BERLIN, ALEMANIA. “Pobre, pero sexy”, así se describe Berlín en tres palabras; una ciudad creada para la diversión y el experimento, creada para el arte y la novedad. Ni bicicletas relucientes ni zapatos de tacón, Berlín se mueve por una pasión distinta; Berlín es el corazón de Alemania, el órgano que bombea arte a través de las calles del país.
Al llegar febrero, Berlín se transforma y la capital se convierte en un punto de encuentro para amantes del cine y cazadores de celebrities; al llegar febrero la capital se prepara para dar la bienvenida al evento cinematográfico más importante del año; el Festival de cine internacional de Berlín.
La historia del Berlinale empieza en 1951, cuando Alfred Bauer decidió crear un festival de cine en medio de una ciudad dividida y destrozada por la Guerra Fría. La película que inauguró el festival fue Rebecca, de Alfred Hitchcock, y solo cinco años después de esta primera proyección el Berlinale consiguió reconocimiento de la Federación Internacional de Asociaciones de Productores Cinematográficos y se puso a la altura de grandes festivales como Cannes o Venecia.
Sin embargo, la situación de Alemania era más complicada que la de Italia o la de Francia y el festival de cine de Berlín se convirtió en un arma propagandística para los aliados. Berlinale estaba estrechamente relacionado con el gobierno y en 1970 la tensa relación entre el arte y la política estalló como una bomba tras la proyección una película sobre Vietnam. Tuvo tal impacto la pieza que el jurado renunció y la competición tuvo que cancelarse.

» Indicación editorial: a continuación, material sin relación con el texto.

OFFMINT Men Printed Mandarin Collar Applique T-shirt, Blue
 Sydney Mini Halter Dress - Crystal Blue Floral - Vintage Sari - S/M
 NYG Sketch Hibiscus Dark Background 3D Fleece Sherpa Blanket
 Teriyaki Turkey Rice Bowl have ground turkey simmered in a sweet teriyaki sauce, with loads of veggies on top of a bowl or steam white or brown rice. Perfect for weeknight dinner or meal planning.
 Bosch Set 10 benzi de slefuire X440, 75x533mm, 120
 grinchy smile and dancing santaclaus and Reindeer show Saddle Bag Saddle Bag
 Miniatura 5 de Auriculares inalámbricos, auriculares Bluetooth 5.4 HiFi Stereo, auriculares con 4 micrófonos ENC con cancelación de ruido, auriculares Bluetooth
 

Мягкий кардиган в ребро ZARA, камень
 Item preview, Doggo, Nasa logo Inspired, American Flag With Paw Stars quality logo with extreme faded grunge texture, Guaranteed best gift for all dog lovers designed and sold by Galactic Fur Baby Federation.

A día de hoy, en un contexto más estable y con una mentalidad más abierta, Berlinale alcanza su máximo esplendor. Cada año este evento se convierte en una oportunidad para las jóvenes promesas del cine, quienes presentan su trabajo de la mano de los directores con más experiencia. Febrero se ha convertido en un mes de celebración; el olor de las películas se percibe en el aire de la ciudad, las paredes se llenan de póster y los brillantes Audi conducen por Potsdamer Platz con el logo del Berlinale tatuado en la carrocería. Se trata de un evento que no es posible ignorar.
Las películas están disponibles en distintas salas; unas más grandes que otras; algunas céntricas y algunas en la periferia, aun así, todas tienen algo en común; todas comparten la tensión en el aire y la emoción de los espectadores antes de descubrir una obra de arte presentada ante el público por primera vez.
Las entradas suelen agotarse en taquilla poco después de salir a la venta, de modo que es común encontrar gente en la entrada de la sala de cine decididos a conseguir un ticket en la re-venta. Los afortunados que tienen uno de estos billetes y renuncian a venderlo, tendrán que esperar unos minutos haciendo cola en la puerta de la sala, porque las butacas no están numeradas y conviene hacerse con un buen sitio.
Después de una brevísima presentación de mano del moderador, las luces se apagan y la pantalla cobra vida; ha empezado la proyección.
Los amantes del cine querrán quedarse después de la película en la sesión de preguntas con el director, quien comparece ante el público en vivo y en directo. Está sesión es todo un lujo, ya que muchos de los directores vienen desde países lejanos para presentar su trabajo en Berlinale.
Después de diez días de estrenos de cine, Berlín destruye toda evidencia de su festival de cine y hace hueco para el próximo evento, así es la ciudad, así de caótica y de dinámica, en constante cambio, en constante evolución. Lo que durante diez días ha sido el centro de atención para muchos, se convierte en un vago recuerdo en la memoria de unos pocos.